• **Required work**
Each line of the material must be reproduced exactly; pictures stay out.

• **Information given**
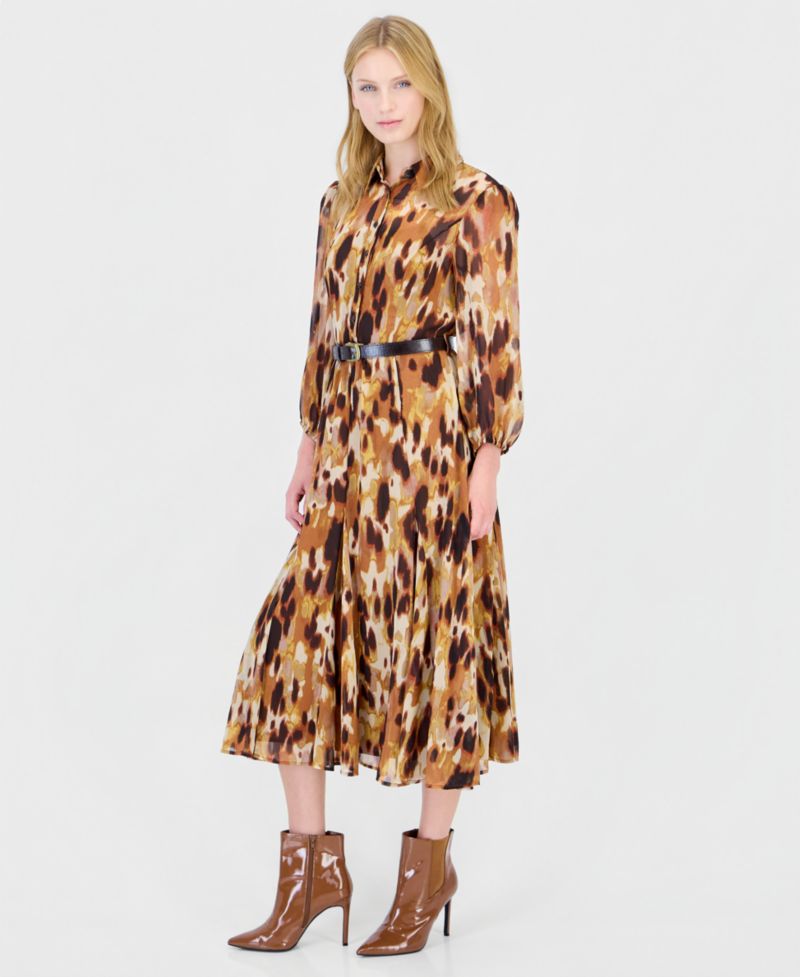 Women's Long-Sleeve Belted Midi Shirt Dress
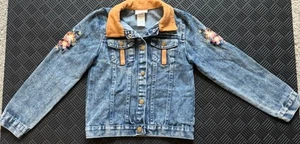 Little Lass Girls Denim Jacket Embroidered Floral Suede Details Size 6X - Picture 1 of 6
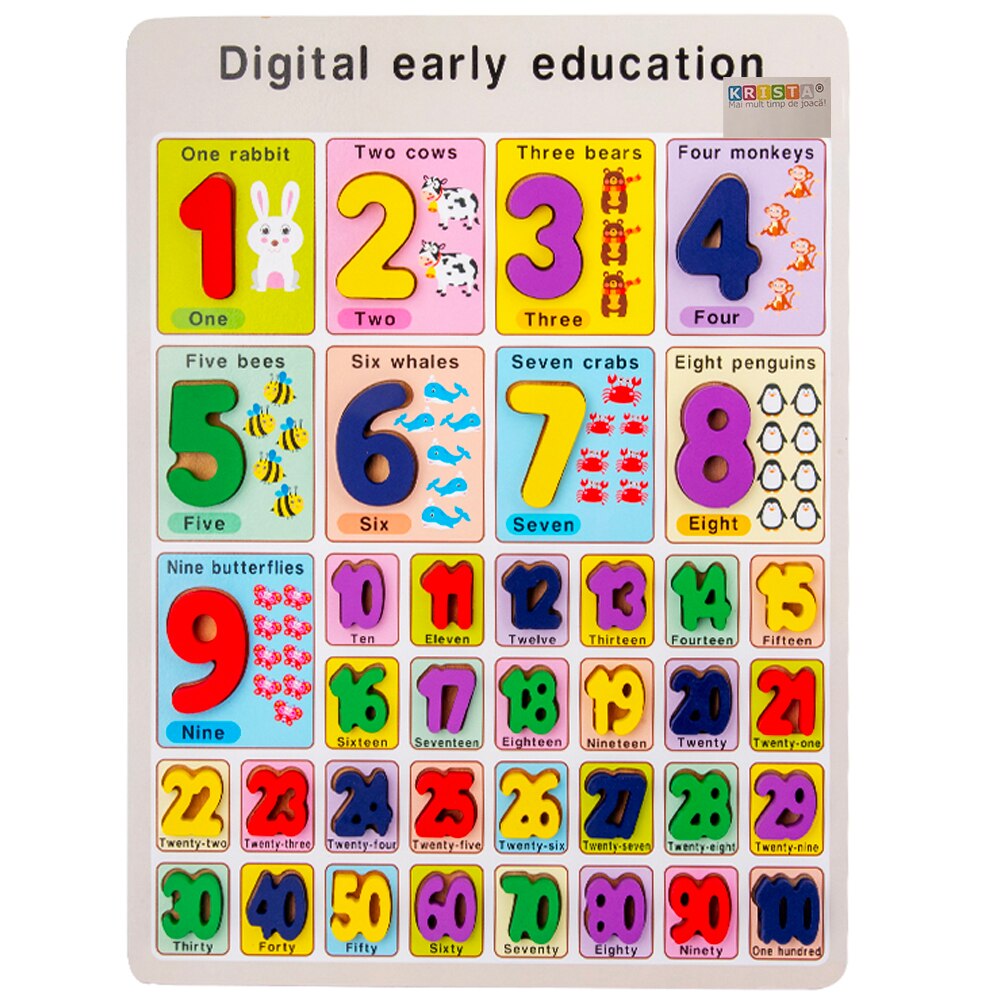 Puzzle incastru 3D numerele de la 1 - 100 - Krista®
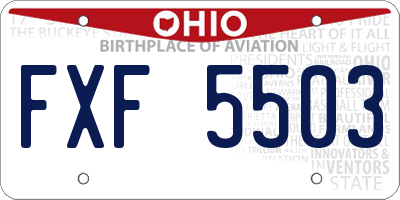 OH license plate FXF5503
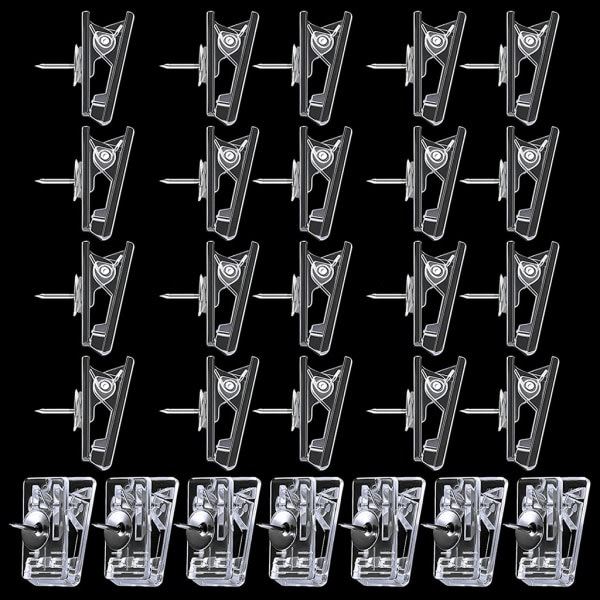 50 stk/pakke Klip-formede multifunktionelle nåle 1,0x0,4'' gennemsigtige clip-lignende tommesøm til kontor-skole opslagstavler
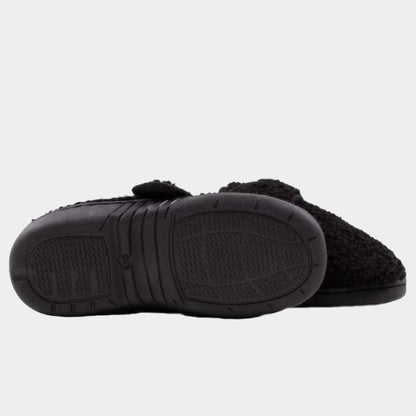 Pantoufles - Nanö noires en sherpa avec semelle antidérapante et fermeture auto-grippante, style garçon, vue semelle dessous et côté.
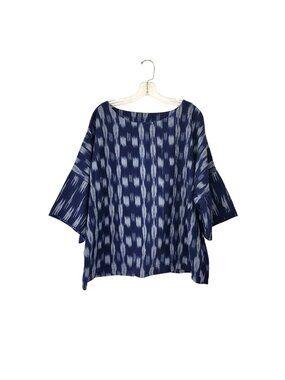Pure Jill Indigo Ikat Print Tunic Top XL Tall Navy Blue Cotton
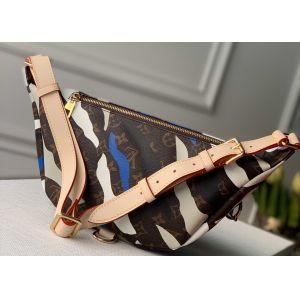 Camouflage Monogram Canvas Zipper Open Ladies Waist Bag Dumpling Shape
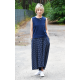 ROMA - long cotton skirt with high waist - Navy blue polka dots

• **Output below**
 Women's Long-Sleeve Belted Midi Shirt Dress
 Little Lass Girls Denim Jacket Embroidered Floral Suede Details Size 6X - Picture 1 of 6
 Puzzle incastru 3D numerele de la 1 - 100 - Krista®
 OH license plate FXF5503
 50 stk/pakke Klip-formede multifunktionelle nåle 1,0x0,4'' gennemsigtige clip-lignende tommesøm til kontor-skole opslagstavler
 Pantoufles - Nanö noires en sherpa avec semelle antidérapante et fermeture auto-grippante, style garçon, vue semelle dessous et côté.
Pure Jill Indigo Ikat Print Tunic Top XL Tall Navy Blue Cotton
 Camouflage Monogram Canvas Zipper Open Ladies Waist Bag Dumpling Shape
 ROMA - long cotton skirt with high waist - Navy blue polka dots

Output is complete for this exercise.